*Records*.
•••••

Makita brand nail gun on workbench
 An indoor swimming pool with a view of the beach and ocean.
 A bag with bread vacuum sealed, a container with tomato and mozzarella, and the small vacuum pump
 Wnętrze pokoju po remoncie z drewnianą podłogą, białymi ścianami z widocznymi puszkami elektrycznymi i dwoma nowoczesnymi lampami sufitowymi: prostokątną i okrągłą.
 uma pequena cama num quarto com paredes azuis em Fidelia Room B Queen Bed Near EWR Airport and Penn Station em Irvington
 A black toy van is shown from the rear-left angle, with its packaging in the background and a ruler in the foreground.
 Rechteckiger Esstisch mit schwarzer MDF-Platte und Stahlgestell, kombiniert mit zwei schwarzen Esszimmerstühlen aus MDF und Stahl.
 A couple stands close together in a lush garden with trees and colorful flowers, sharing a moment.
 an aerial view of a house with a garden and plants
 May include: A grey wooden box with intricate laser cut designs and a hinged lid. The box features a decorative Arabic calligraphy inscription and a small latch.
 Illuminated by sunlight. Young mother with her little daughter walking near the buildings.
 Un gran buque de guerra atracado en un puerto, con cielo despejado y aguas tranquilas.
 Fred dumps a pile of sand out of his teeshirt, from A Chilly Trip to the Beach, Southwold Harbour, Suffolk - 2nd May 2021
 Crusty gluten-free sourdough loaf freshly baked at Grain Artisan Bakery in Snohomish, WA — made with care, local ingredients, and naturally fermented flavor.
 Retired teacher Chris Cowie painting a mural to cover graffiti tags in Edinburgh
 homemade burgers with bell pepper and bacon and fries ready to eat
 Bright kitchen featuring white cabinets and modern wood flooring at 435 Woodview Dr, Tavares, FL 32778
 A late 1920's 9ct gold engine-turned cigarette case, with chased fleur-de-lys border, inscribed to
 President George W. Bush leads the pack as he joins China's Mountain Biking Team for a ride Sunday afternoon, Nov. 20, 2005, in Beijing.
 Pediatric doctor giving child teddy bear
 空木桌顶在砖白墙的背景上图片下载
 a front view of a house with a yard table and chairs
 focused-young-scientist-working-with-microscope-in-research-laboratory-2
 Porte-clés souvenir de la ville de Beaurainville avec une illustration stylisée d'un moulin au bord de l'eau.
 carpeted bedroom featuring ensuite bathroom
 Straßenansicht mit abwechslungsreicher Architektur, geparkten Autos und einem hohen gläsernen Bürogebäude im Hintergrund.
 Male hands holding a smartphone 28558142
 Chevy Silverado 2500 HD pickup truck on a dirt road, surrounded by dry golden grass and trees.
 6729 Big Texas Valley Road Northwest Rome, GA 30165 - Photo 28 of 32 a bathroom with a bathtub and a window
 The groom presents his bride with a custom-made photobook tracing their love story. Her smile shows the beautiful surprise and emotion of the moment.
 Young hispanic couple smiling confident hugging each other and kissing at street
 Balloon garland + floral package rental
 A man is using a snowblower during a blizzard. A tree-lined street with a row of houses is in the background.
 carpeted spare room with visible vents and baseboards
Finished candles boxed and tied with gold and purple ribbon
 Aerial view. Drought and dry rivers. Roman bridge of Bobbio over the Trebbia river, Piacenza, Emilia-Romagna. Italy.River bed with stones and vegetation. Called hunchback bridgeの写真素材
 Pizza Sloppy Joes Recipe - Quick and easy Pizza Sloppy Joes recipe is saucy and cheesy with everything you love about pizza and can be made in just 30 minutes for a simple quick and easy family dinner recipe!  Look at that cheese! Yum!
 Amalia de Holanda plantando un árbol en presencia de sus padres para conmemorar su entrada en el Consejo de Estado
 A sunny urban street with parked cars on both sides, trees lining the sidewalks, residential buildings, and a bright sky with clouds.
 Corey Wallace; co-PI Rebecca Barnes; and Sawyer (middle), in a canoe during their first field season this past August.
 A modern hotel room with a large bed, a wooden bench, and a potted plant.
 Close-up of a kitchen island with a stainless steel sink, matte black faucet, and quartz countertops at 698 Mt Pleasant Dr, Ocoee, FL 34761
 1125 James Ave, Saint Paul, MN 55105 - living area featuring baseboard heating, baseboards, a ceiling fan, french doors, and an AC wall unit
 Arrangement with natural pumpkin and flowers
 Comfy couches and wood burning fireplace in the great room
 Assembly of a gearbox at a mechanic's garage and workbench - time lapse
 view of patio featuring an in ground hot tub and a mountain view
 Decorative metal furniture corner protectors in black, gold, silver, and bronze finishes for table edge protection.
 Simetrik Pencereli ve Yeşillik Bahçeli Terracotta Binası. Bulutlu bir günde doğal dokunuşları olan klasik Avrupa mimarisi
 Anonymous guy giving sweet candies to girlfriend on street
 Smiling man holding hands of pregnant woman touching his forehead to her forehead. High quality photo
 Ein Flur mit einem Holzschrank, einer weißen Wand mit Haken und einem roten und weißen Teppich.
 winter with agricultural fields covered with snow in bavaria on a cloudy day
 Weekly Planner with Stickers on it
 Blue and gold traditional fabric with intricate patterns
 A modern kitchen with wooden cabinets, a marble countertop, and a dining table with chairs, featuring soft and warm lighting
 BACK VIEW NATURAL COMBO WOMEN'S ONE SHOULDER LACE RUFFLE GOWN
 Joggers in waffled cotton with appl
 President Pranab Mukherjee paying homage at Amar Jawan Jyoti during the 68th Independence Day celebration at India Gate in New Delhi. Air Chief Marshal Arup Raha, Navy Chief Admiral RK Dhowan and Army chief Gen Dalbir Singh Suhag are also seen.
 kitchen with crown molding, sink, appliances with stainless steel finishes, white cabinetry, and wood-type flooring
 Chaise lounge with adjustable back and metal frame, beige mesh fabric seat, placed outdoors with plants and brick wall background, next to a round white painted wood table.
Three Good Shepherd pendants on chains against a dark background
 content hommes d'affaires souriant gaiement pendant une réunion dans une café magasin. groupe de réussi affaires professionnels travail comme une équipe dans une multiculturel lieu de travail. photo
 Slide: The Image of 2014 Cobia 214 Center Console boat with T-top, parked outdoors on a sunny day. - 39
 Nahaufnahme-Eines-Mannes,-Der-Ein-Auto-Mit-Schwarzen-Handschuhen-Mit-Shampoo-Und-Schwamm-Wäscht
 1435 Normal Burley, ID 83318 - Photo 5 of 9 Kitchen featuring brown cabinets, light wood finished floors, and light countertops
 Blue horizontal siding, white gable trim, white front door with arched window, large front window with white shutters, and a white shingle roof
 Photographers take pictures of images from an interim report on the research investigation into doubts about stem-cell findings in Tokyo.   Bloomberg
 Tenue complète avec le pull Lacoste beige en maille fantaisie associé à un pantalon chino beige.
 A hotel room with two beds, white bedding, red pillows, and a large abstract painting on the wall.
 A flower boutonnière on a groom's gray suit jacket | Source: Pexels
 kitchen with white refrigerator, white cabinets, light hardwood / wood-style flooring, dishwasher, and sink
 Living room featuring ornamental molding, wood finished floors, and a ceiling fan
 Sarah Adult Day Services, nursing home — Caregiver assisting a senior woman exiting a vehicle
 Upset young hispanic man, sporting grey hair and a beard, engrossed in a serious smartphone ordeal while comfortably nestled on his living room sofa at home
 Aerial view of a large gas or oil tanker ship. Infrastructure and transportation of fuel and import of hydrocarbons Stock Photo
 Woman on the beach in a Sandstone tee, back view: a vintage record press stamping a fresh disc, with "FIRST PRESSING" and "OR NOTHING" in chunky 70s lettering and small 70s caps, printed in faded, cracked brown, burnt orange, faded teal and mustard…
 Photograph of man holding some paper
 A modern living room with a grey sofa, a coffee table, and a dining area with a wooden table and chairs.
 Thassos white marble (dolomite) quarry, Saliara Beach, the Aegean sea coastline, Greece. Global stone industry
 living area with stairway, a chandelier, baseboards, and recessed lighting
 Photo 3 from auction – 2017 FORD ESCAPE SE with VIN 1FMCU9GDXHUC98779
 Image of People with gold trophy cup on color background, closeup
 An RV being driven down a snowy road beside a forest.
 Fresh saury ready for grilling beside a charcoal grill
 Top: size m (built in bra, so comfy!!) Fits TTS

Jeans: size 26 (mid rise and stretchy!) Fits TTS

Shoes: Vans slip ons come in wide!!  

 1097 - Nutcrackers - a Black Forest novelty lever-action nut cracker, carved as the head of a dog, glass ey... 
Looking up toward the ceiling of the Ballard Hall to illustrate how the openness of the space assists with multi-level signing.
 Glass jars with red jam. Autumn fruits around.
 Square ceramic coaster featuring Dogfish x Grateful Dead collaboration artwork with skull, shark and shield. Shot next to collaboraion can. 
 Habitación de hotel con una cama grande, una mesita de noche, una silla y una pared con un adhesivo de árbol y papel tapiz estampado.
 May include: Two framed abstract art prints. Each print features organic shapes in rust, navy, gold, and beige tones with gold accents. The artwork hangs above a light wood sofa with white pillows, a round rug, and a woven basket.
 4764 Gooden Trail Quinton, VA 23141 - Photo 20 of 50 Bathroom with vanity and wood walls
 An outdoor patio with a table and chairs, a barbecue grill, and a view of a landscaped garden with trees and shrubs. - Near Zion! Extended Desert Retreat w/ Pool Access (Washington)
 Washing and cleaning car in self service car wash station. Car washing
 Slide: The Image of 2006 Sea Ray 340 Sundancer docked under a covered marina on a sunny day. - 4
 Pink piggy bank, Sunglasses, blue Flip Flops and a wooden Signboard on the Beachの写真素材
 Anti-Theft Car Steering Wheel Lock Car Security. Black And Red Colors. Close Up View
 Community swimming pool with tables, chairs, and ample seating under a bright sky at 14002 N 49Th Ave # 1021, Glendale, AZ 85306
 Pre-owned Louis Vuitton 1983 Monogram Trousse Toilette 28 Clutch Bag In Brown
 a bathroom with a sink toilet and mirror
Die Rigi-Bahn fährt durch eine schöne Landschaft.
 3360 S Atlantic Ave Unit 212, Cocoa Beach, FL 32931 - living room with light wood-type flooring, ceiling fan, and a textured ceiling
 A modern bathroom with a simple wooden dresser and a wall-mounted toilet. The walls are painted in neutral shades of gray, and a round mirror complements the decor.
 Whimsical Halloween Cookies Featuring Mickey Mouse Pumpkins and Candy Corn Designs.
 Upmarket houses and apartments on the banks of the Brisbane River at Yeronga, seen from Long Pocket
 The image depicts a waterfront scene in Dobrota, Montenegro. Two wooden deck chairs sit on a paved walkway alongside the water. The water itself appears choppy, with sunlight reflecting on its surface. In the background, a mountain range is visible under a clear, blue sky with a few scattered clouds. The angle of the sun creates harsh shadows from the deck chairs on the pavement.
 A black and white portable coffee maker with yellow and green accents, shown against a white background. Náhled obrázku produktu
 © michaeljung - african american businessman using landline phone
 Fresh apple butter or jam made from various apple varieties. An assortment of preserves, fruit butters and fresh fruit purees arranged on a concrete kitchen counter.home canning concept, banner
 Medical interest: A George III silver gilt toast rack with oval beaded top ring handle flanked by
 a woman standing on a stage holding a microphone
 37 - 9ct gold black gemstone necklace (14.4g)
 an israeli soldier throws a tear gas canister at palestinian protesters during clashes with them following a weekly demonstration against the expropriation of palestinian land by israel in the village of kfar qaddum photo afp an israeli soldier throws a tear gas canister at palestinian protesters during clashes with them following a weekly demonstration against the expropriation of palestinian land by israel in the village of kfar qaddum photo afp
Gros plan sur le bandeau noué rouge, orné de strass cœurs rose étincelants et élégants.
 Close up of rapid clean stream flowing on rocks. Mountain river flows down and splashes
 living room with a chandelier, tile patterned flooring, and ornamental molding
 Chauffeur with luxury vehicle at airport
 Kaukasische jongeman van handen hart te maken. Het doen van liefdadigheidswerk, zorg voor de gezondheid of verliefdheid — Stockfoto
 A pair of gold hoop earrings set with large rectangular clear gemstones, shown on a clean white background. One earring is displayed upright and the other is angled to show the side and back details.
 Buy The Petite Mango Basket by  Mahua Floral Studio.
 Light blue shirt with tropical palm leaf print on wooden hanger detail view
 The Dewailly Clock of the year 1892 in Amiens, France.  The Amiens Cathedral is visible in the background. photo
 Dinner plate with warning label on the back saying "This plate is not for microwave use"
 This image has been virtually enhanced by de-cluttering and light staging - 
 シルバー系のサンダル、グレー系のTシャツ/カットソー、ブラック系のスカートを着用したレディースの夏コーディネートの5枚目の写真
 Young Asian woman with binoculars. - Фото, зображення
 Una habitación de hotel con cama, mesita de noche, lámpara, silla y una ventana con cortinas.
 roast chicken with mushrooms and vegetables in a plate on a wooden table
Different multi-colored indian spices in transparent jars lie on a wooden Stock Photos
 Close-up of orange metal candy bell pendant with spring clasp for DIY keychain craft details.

•••••

In the listing above, find every line with the word "visible" and copy it out.

 carpeted spare room with visible vents and baseboards
 The image depicts a waterfront scene in Dobrota, Montenegro. Two wooden deck chairs sit on a paved walkway alongside the water. The water itself appears choppy, with sunlight reflecting on its surface. In the background, a mountain range is visible under a clear, blue sky with a few scattered clouds. The angle of the sun creates harsh shadows from the deck chairs on the pavement.
 The Dewailly Clock of the year 1892 in Amiens, France.  The Amiens Cathedral is visible in the background. photo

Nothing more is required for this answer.